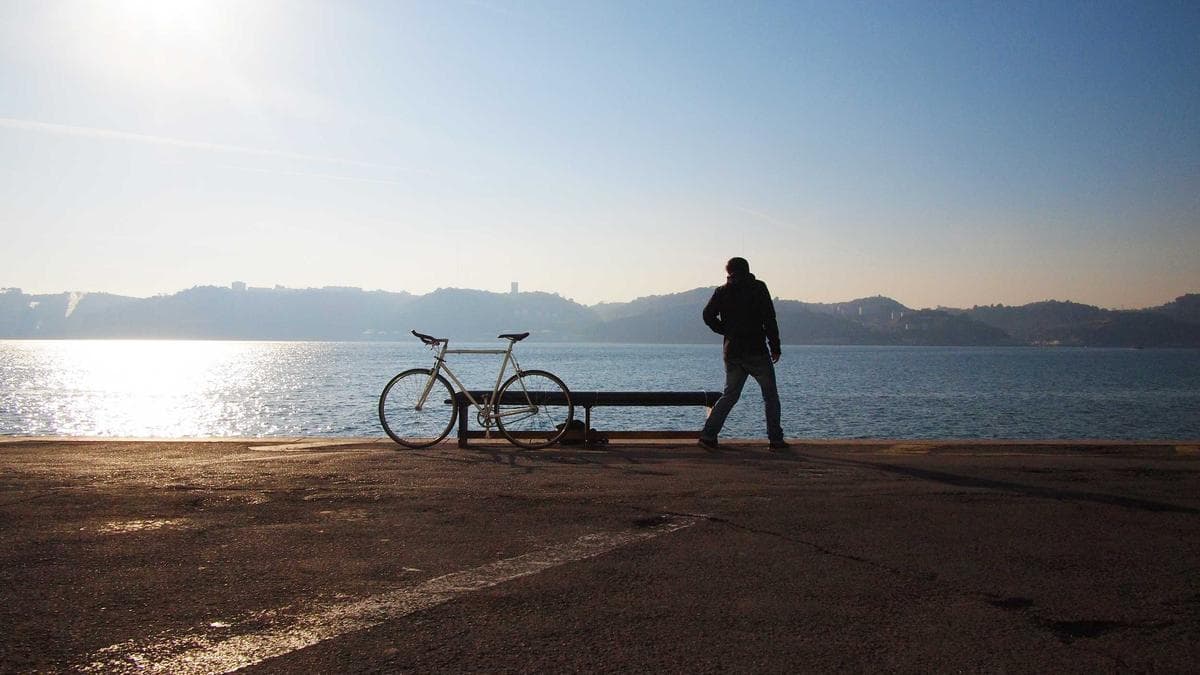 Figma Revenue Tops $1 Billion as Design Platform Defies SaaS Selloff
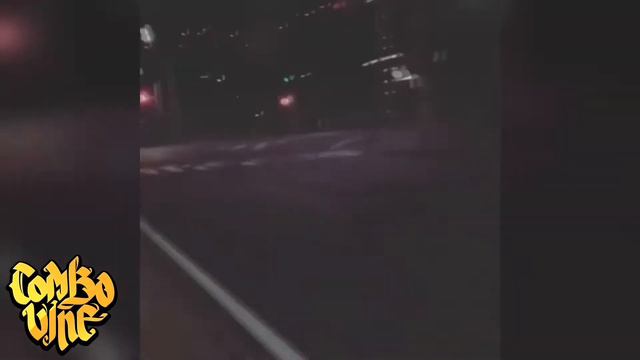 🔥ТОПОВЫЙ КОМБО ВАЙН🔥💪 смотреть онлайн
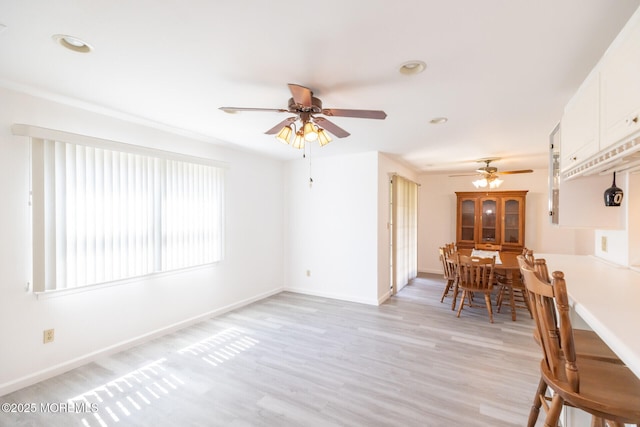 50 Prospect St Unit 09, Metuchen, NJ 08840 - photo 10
::::::::::
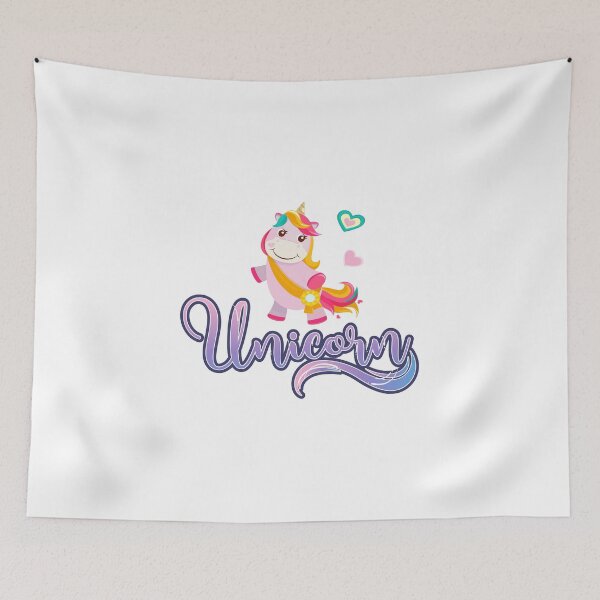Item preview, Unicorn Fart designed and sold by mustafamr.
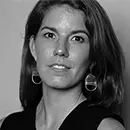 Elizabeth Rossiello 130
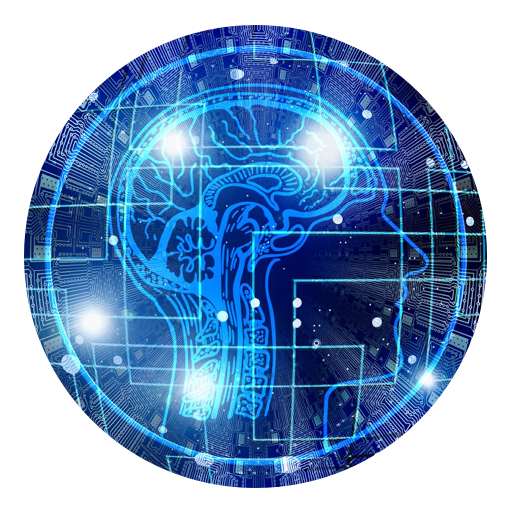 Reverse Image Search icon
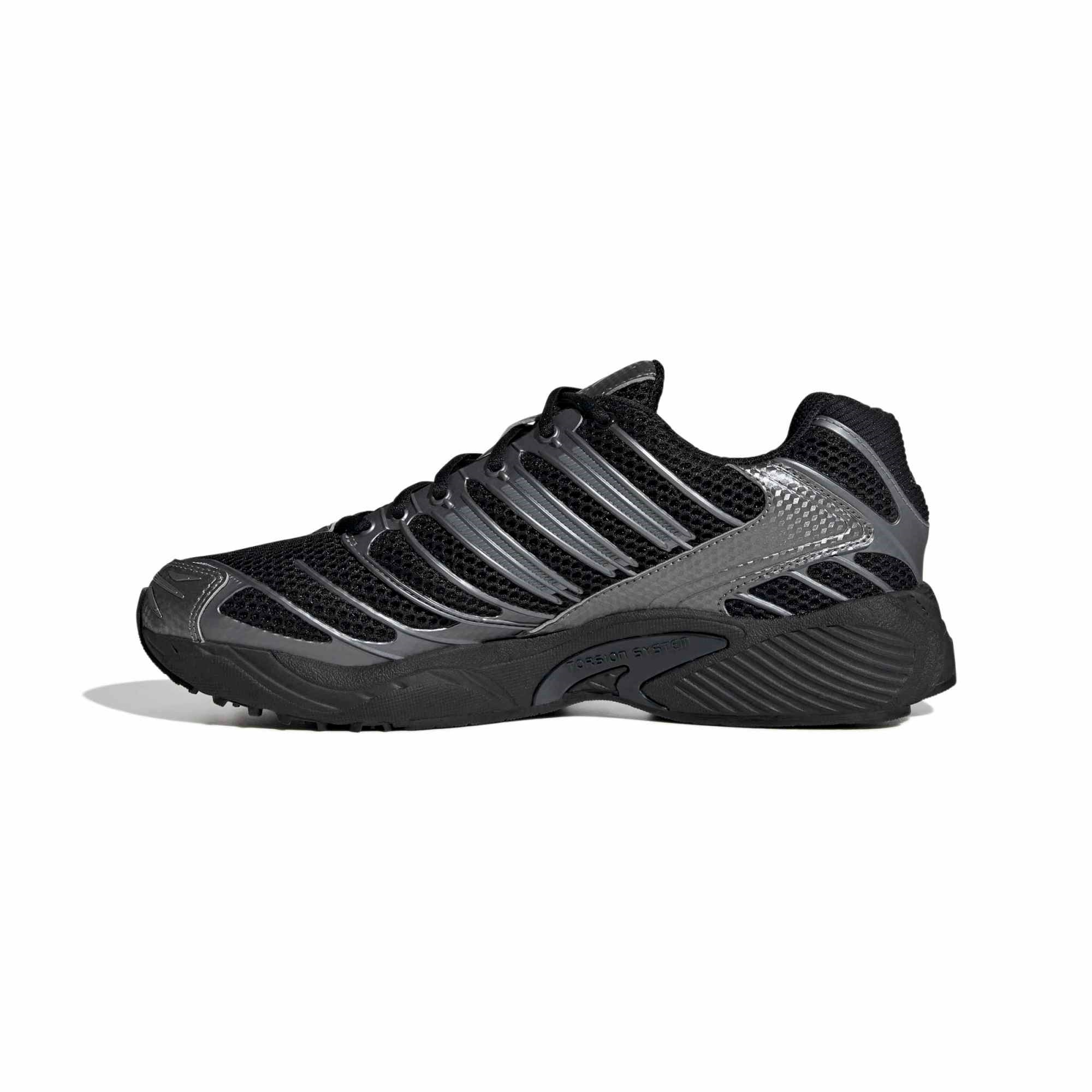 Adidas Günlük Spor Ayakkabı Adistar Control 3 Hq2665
::::::::::
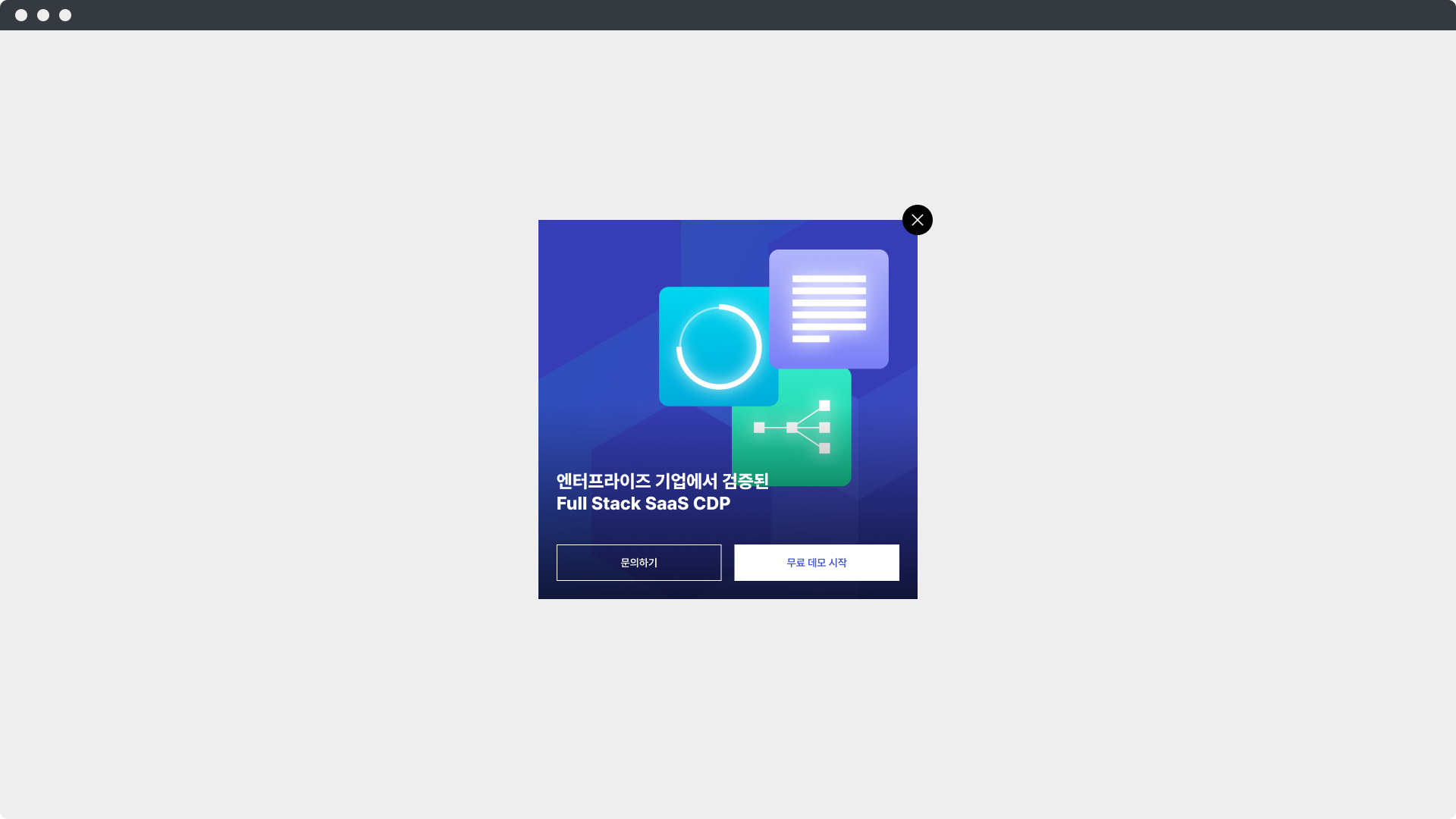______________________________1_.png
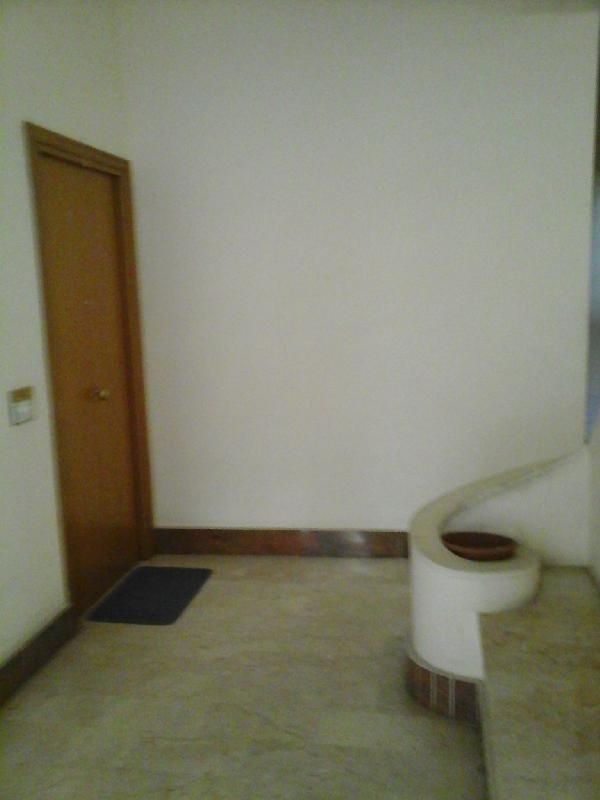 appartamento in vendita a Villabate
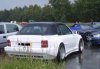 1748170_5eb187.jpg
::::::::::
Could the stretch from the line with "ВАЙН🔥💪 смотреть онлайн" through the line with "50 Prospect St" in the listing above be restated word for word, minus the pictures?

 🔥ТОПОВЫЙ КОМБО ВАЙН🔥💪 смотреть онлайн
 50 Prospect St Unit 09, Metuchen, NJ 08840 - photo 10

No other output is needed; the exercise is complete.